He went to her and took her in his arms and held her. She sobbed and sobbed while he made soothing noises and stroked her hair. He could feel his shoulder getting wet where the tears were falling. After a long time her crying abated and she eased away from him.
‘Thank you,’ she said. ‘And sorry for being so horrible to you a while ago.’
He shook his head.
‘It was nothing,’ he tried to say but the words came out as a whisper.
Then, knowing that he risked the whole thing flaring up again, he said, ‘I’m sure Robert isn’t a bad person. But he’s bad for you. You know you won’t ever be happy with him. You’ve found happiness here. You’ve done the hardest bit. Don’t throw it all away. Hold onto what you’ve got. You need to go to a solicitor. Find one today. Get your divorce going and then you’ll be safe.’
‘I thought he was out of my life – Robert, I mean. I felt light, pure, somehow whole again. Bill coming here has sort of tainted all of that.
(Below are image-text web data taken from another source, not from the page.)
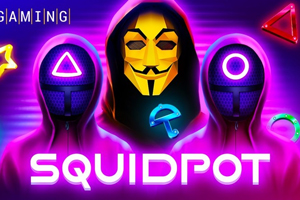 Squid Pot Slots Logo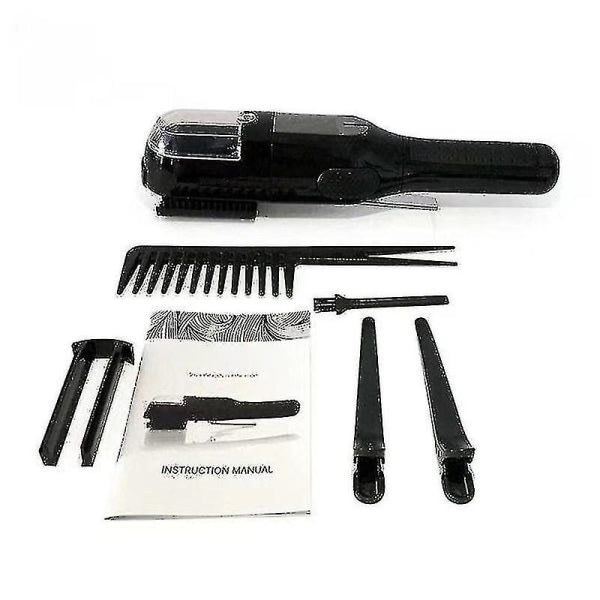 USB-uppladdningsbar delad hårtrimmer Hårstyling End Split Trimmer Clipper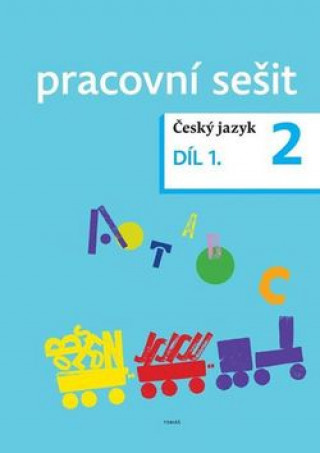 Книга Český jazyk 2 pracovní sešit Díl 1. Dagmar Chroboková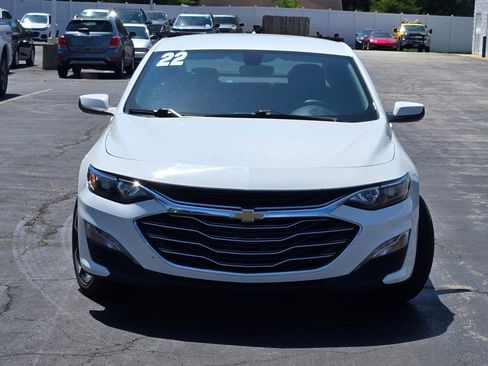 Used 2022 Chevrolet Malibu LT image 3
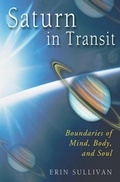 Cover: Saturn in Transit - Weiser Books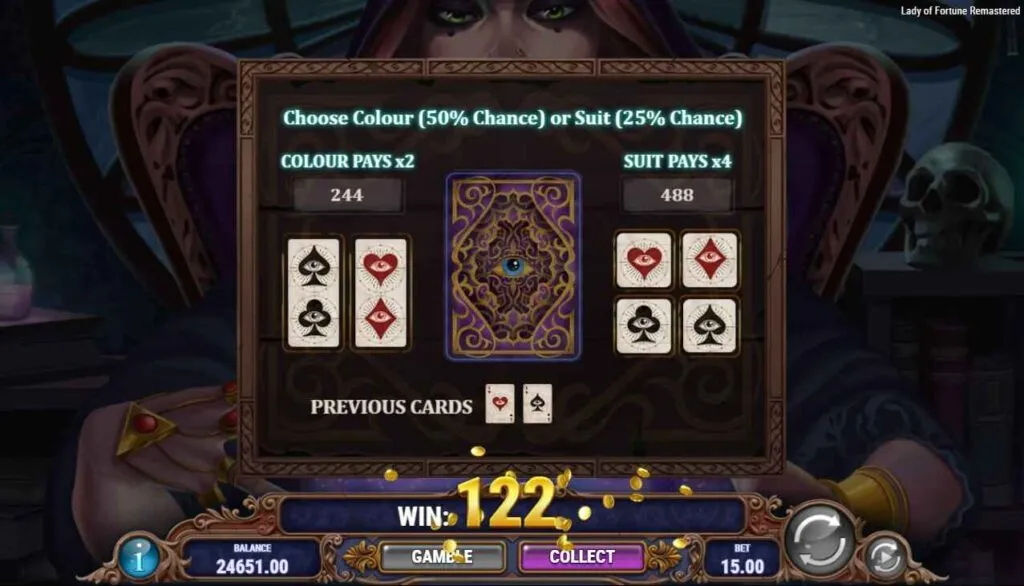 Lady of Fortune Remastered | Slot Game Review | HighBet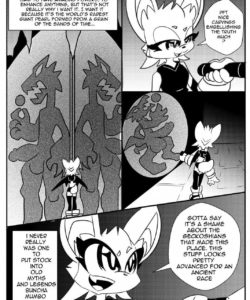 The Adventures Of Femboy Rouge 005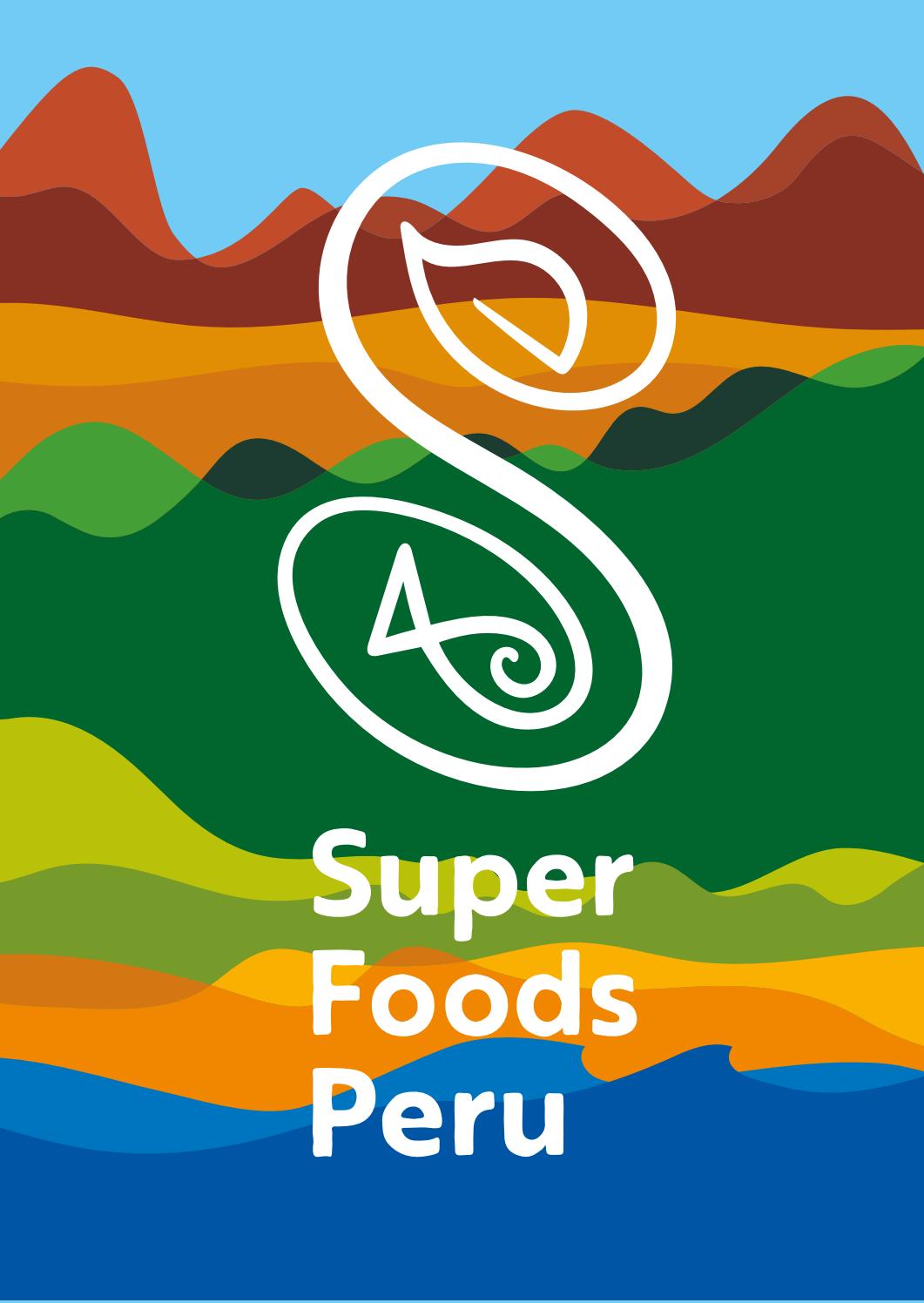 Super Food (español) by Visit Peru Issuu
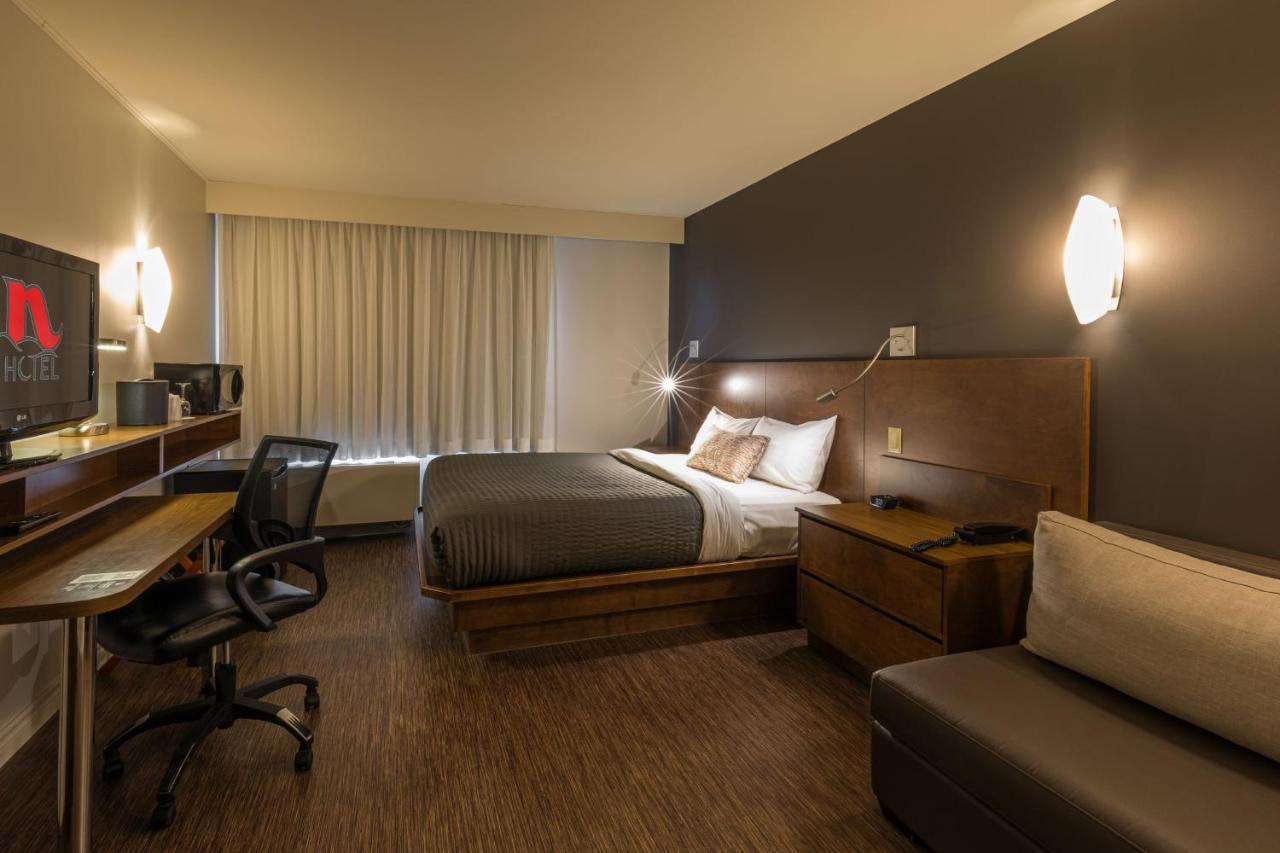 N Hôtel Québec Ngoại thất bức ảnh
Made it seem dirty.’
‘You mean that thing he said about me being your lodger?’
‘You were listening, weren’t you?’
‘Of course I was listening. I didn’t know who he was. He was a big man, I wanted to make sure he didn’t hurt you.’
‘Oh Lewis, you’re such a darling. If I was twenty years younger. Come here to me.’
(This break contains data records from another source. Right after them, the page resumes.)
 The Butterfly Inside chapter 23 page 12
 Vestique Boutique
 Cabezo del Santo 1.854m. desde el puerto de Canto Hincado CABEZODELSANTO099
She went to him and then said, ‘Your shoulder’s all wet.’
‘You did that,’ he said.
She put her arms around him and held him tight and they both began to laugh.
35
Over the days that followed her brother-in-law’s visit, Helen made no attempt to go to Fowey to find a solicitor. Several times he was going to say it to her. In bed at night he would rehearse different ways of saying it, trying to find a tactful way. Maybe he should phrase it like a reminder – acting as though she had forgotten. Or perhaps he should offer to go with her. When he was down the town he looked around and found a couple of names on brass plates. But, in the end, he said nothing. Better to keep the peace. Was that what his mother had done with his father? Gradually though, the tension eased as there was no reappearance from Bill Goddard. August turned into September.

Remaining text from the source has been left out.